▶ **MATERIALS PROVIDED**:

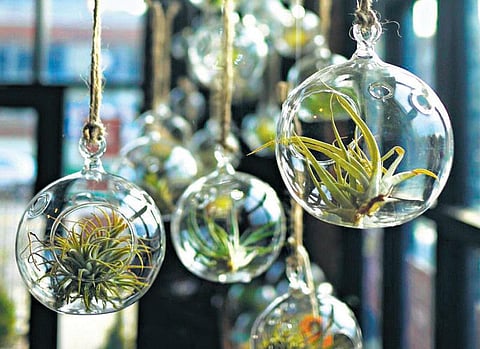 வீட்டைப் பசுமையாக்கும் செடிகள்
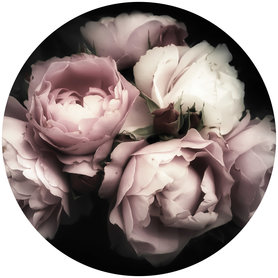 Muurcirkel Bloemen Rozen – Muursticker & Behangcirkel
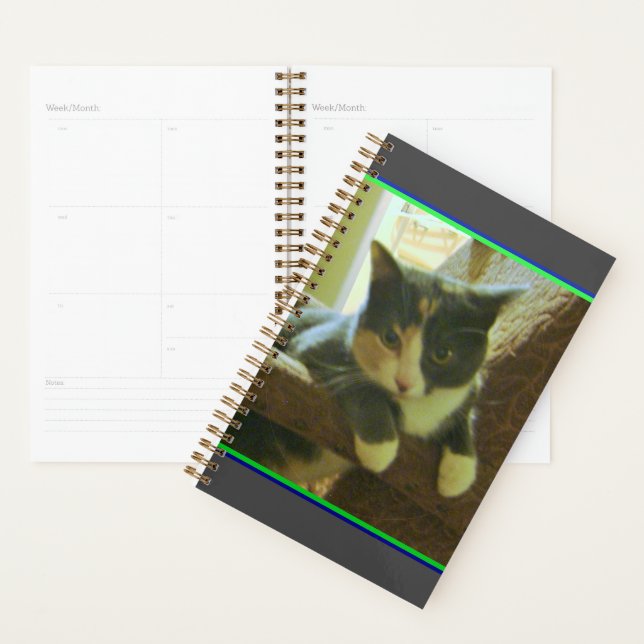 Agenda Kitty Planner (Demostración)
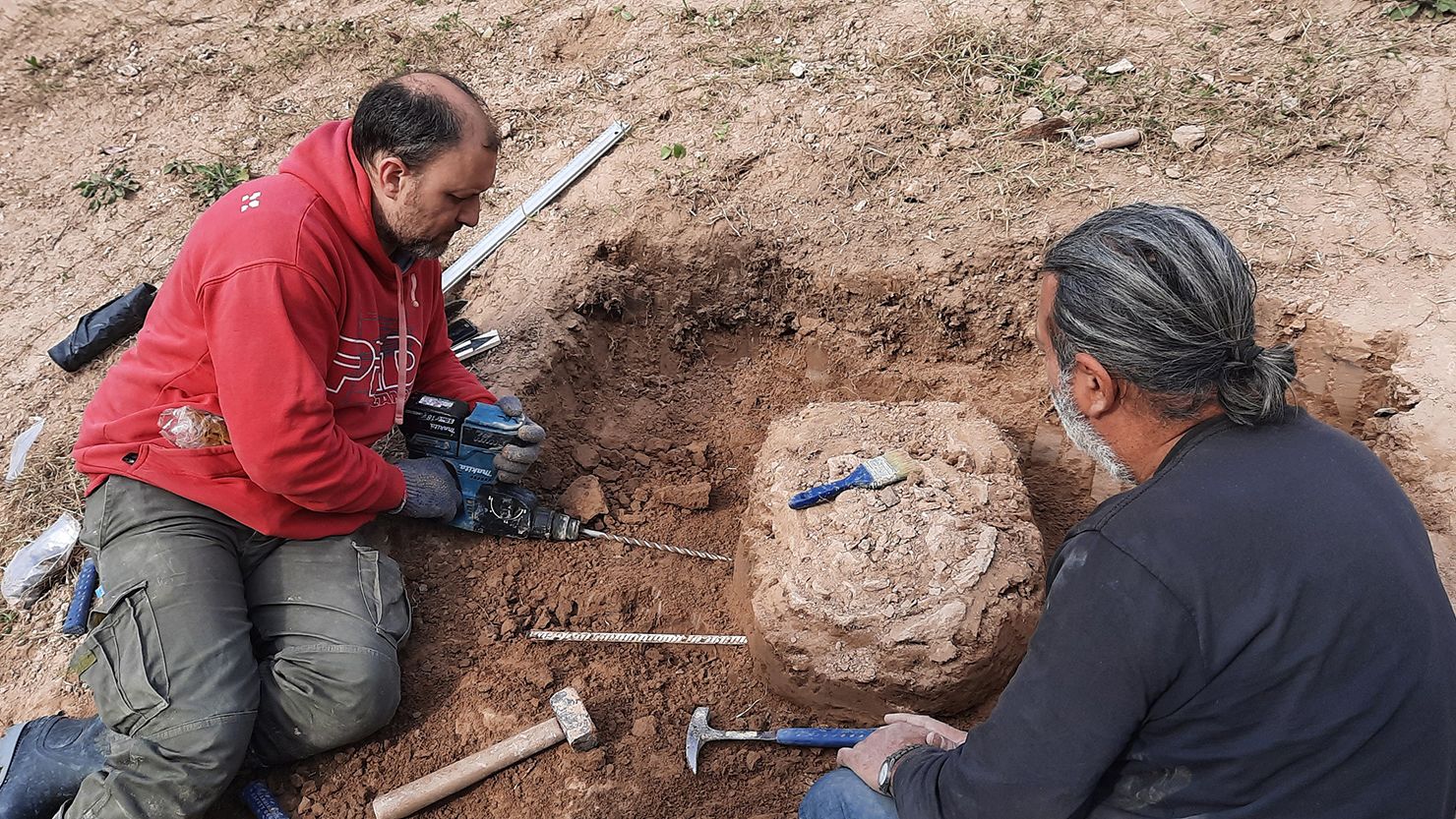 Martin De Los Reyes (left) and Guillermo Jofré, two of the researchers involved in the study, unearth the fossil of an extinct ice age armadillo relative known as Neosclerocalyptus.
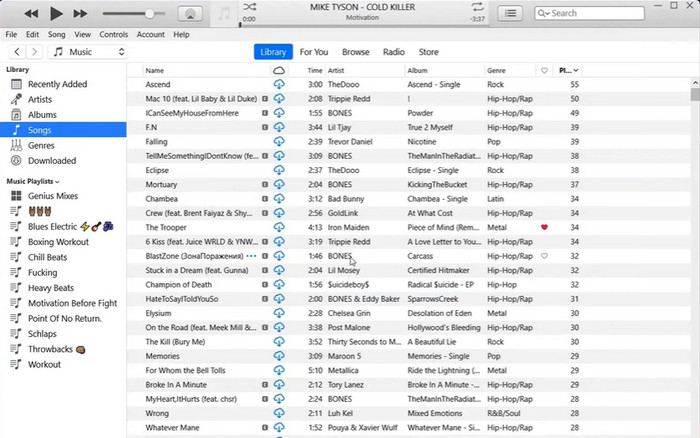 การแปลง iTunes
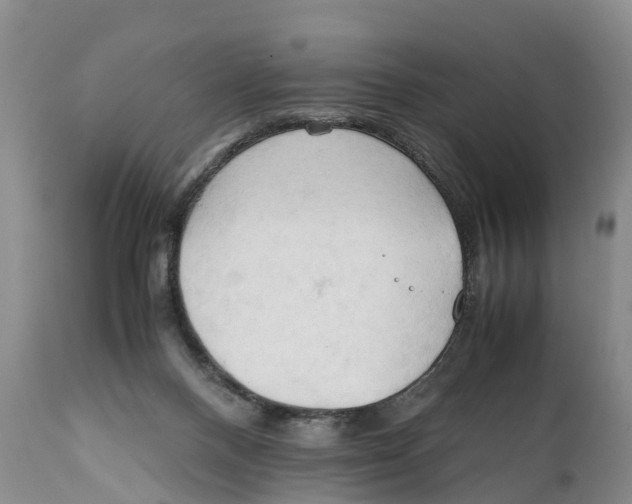 X0000111950120200908241213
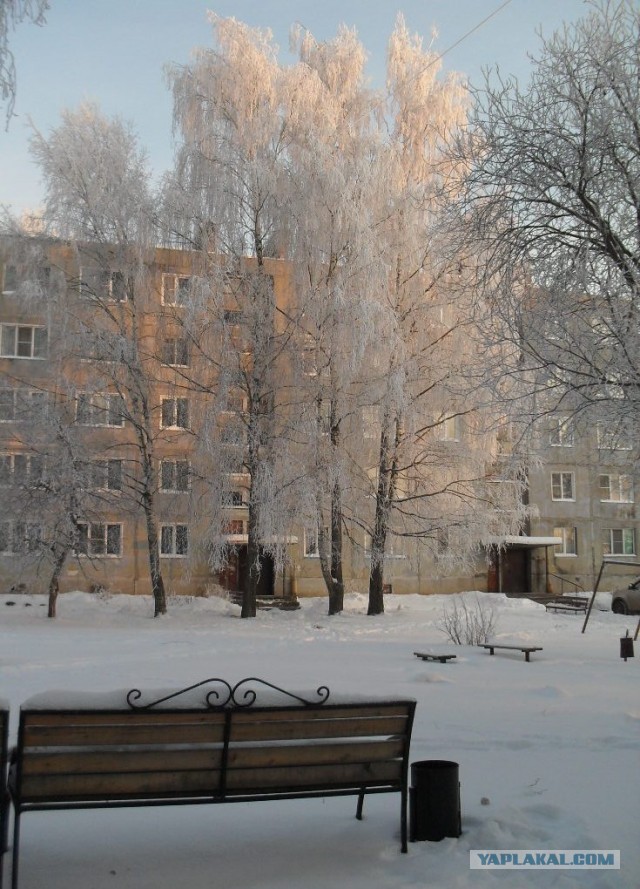 Зима в моей деревне
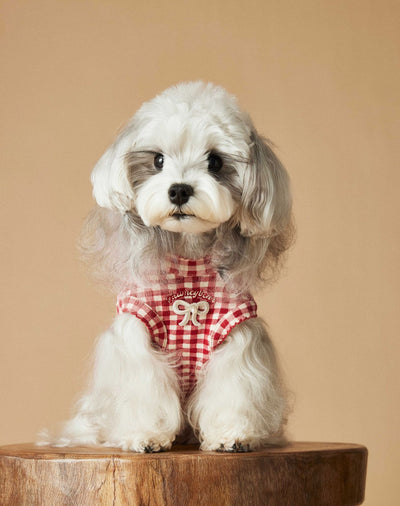 Chaleco Escocés sin Mangas para Perro Maltés y Schnauzer Teddy en Rojo - Image 14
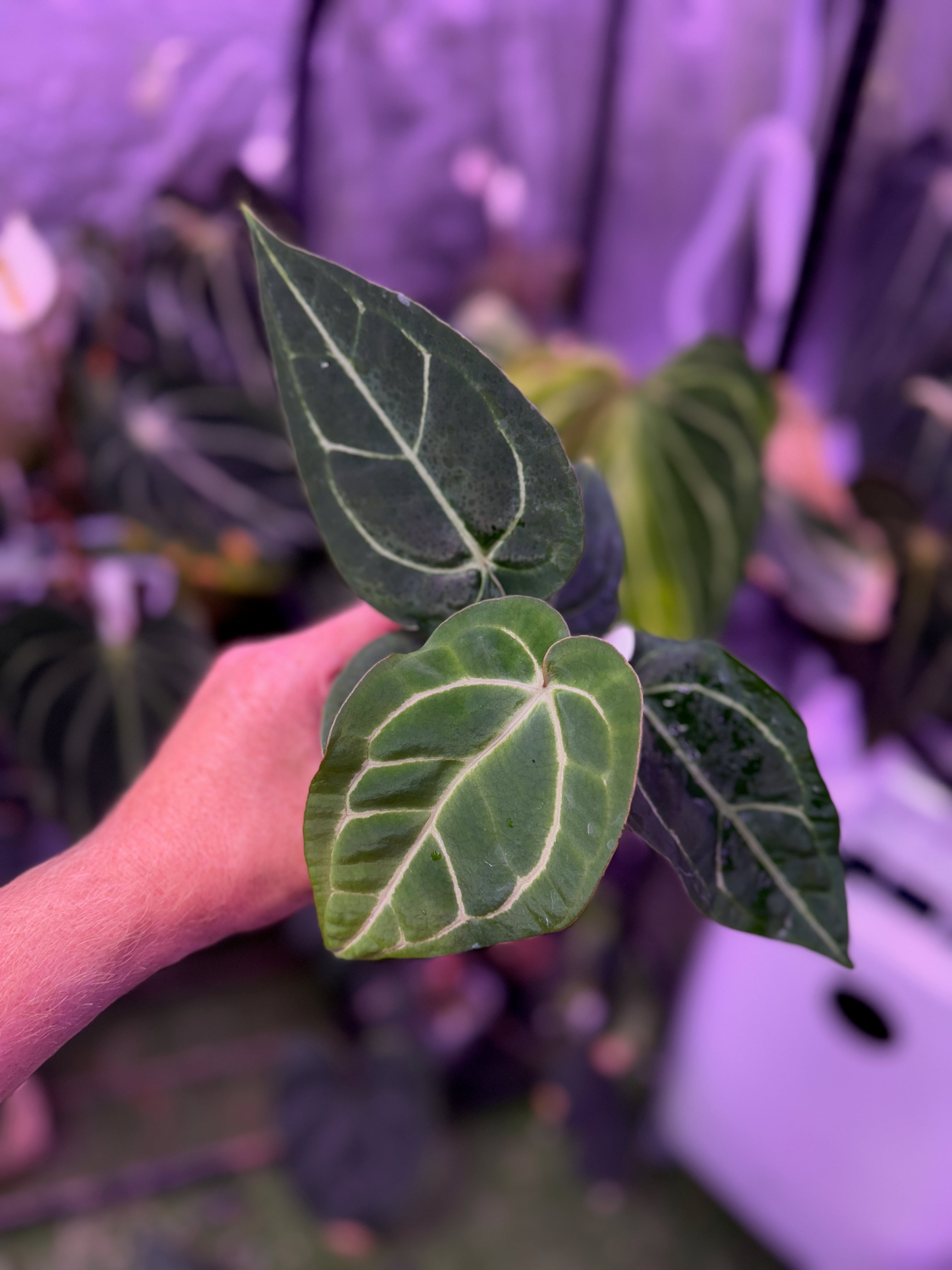 Anthurium ‘Tim Anderson Stripey’ X carlablackiae ‘RA6’ 03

▶ **WHAT IS REQUIRED**: The whole listing above, word for word: repeat it with the pictures excluded.

▶ **TASK SOLUTION**:
 வீட்டைப் பசுமையாக்கும் செடிகள்
 Muurcirkel Bloemen Rozen – Muursticker & Behangcirkel
 Agenda Kitty Planner (Demostración)
 Martin De Los Reyes (left) and Guillermo Jofré, two of the researchers involved in the study, unearth the fossil of an extinct ice age armadillo relative known as Neosclerocalyptus.
 การแปลง iTunes
 X0000111950120200908241213
 Зима в моей деревне
 Chaleco Escocés sin Mangas para Perro Maltés y Schnauzer Teddy en Rojo - Image 14
 Anthurium ‘Tim Anderson Stripey’ X carlablackiae ‘RA6’ 03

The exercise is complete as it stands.